• _Work instructions_
Repeat the listing word for word. Leave every picture out.

• _Source material_
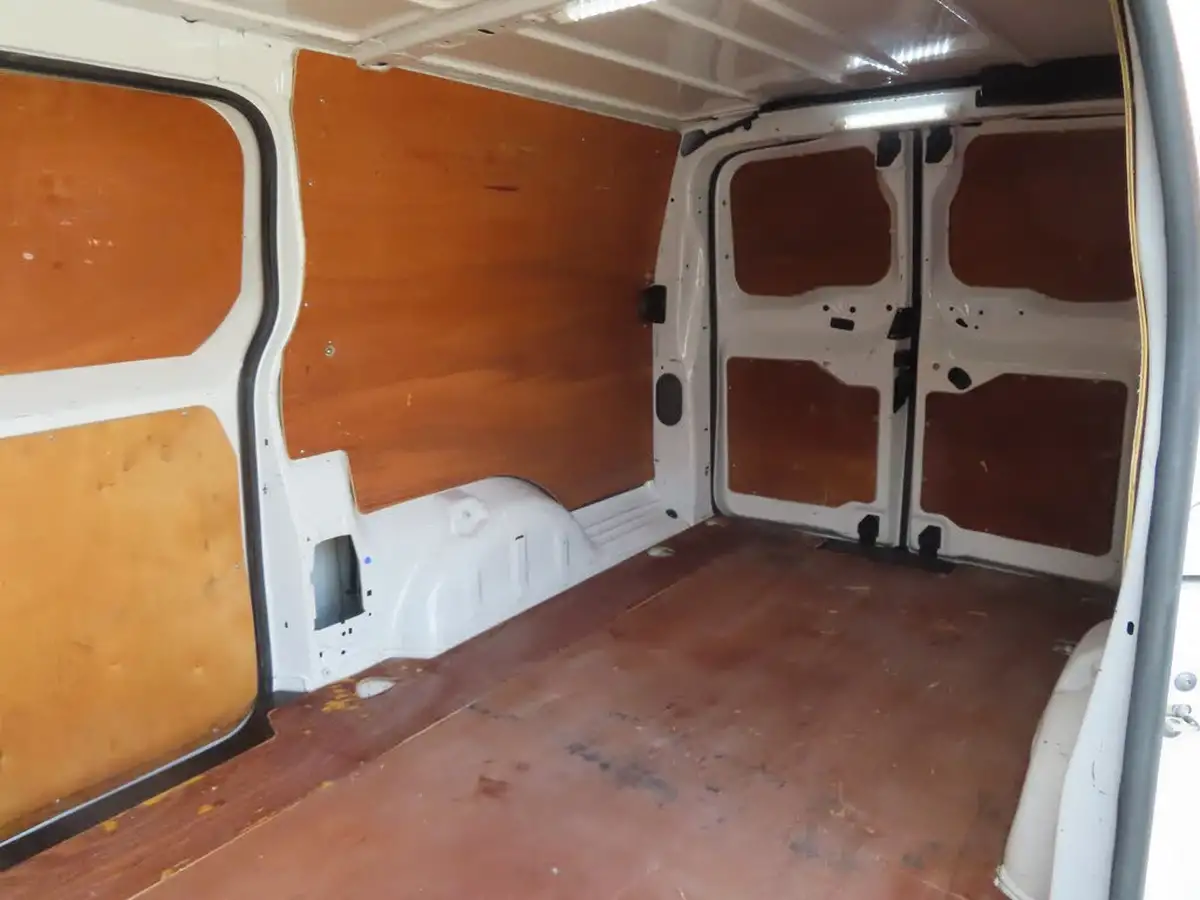 2020-citroen-dispatch-20bluehdi-enterprise-xl-1400-120pseu6d-ss-panel-big-51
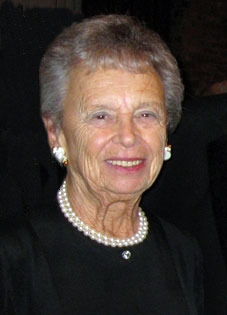 95923bef6f66301d320d_jacquilevine.jpg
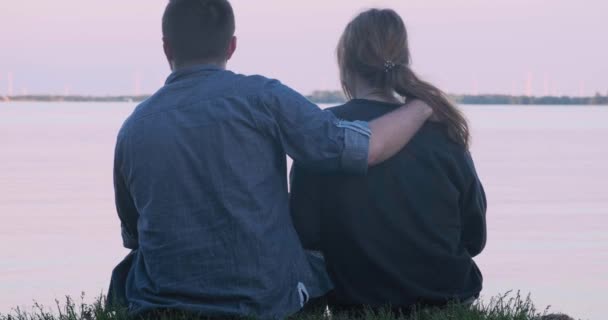 美丽的年轻夫妇在湖边嬉笑亲吻 — 图库视频影像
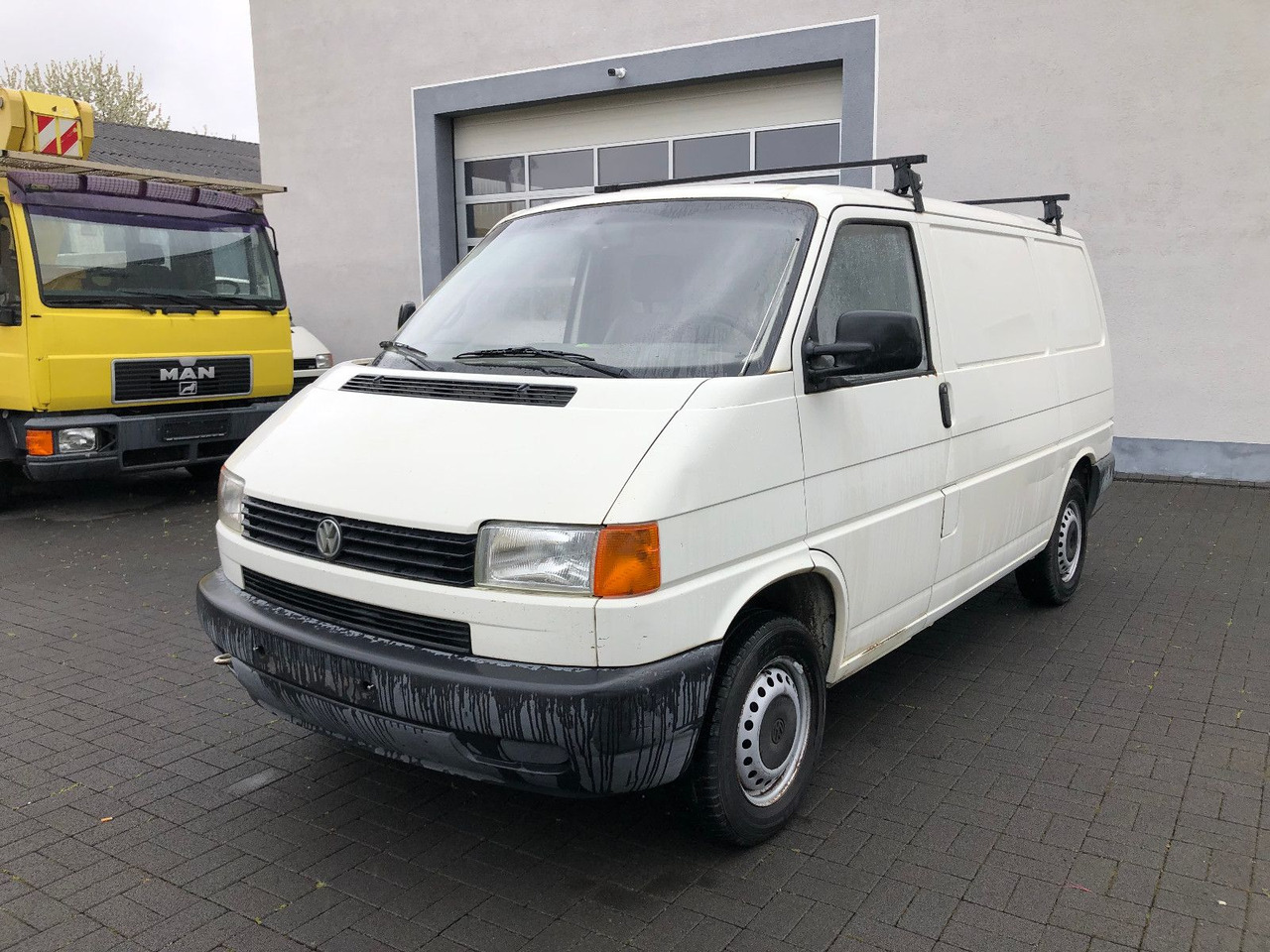 Volkswagen T4 - 1.9 TD - Малък ван: снимка 1 Volkswagen T4 - 1.9 TD - Малък ван: снимка 1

• _Task result_
 2020-citroen-dispatch-20bluehdi-enterprise-xl-1400-120pseu6d-ss-panel-big-51
 95923bef6f66301d320d_jacquilevine.jpg
 美丽的年轻夫妇在湖边嬉笑亲吻 — 图库视频影像
 Volkswagen T4 - 1.9 TD - Малък ван: снимка 1 Volkswagen T4 - 1.9 TD - Малък ван: снимка 1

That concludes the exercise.